:: Information provided ::
-- Opening Marker --
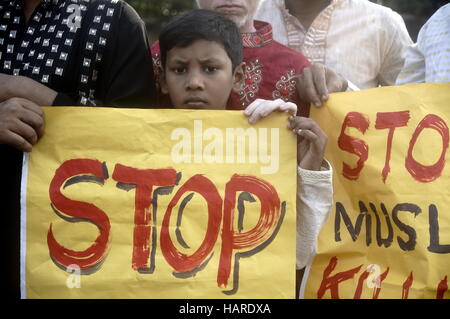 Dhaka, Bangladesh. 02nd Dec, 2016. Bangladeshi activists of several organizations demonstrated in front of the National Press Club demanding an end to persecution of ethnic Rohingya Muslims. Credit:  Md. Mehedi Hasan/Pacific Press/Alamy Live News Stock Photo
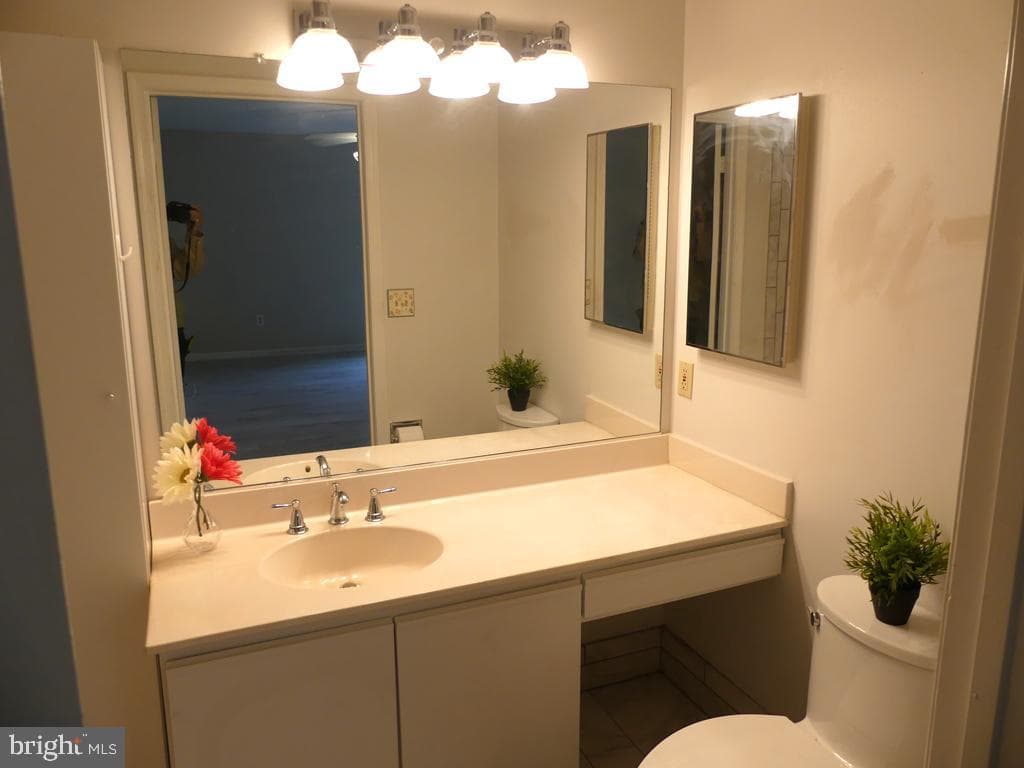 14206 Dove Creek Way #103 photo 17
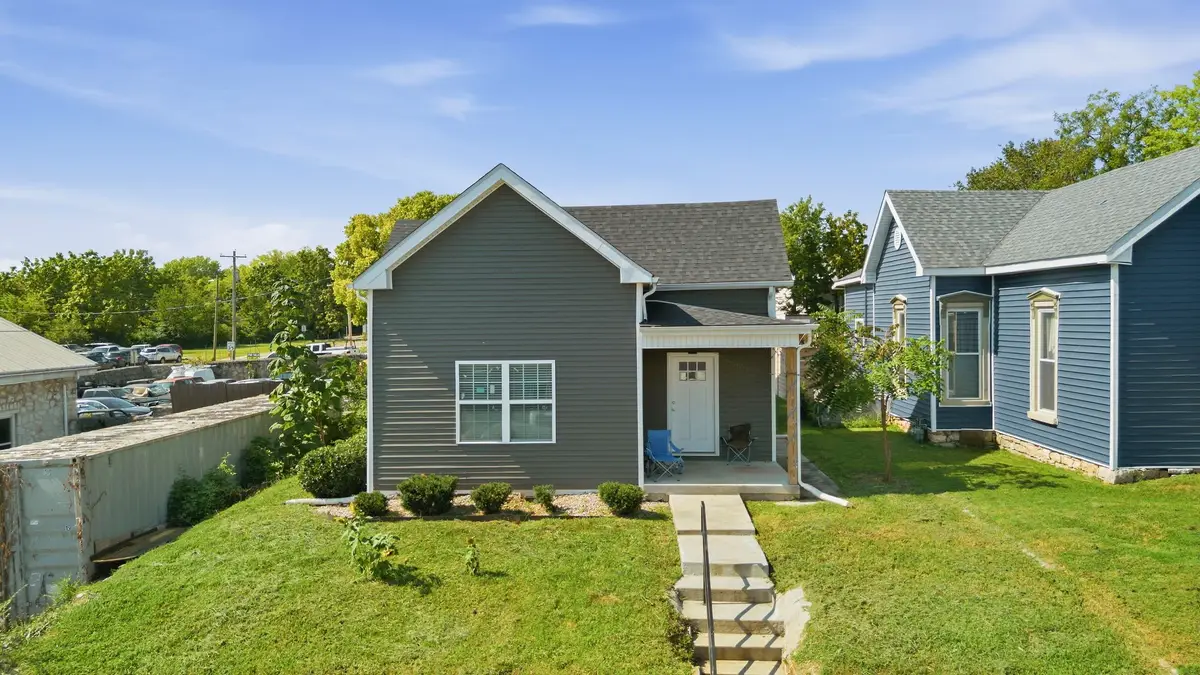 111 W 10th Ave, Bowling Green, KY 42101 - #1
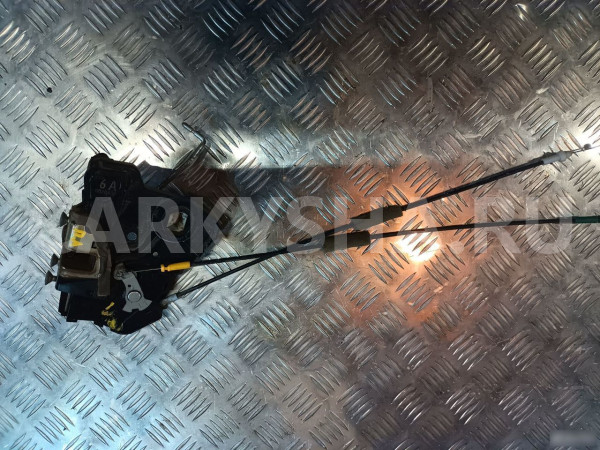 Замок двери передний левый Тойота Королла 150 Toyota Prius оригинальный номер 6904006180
-- Closing Marker --
:: Exercise objective ::
Here the lines from the one containing "14206 Dove Creek Way #103 photo 17" through the end of the material are to be copied exactly, with the pictures omitted.

:: Written answer ::
 14206 Dove Creek Way #103 photo 17
 111 W 10th Ave, Bowling Green, KY 42101 - #1
 Замок двери передний левый Тойота Королла 150 Toyota Prius оригинальный номер 6904006180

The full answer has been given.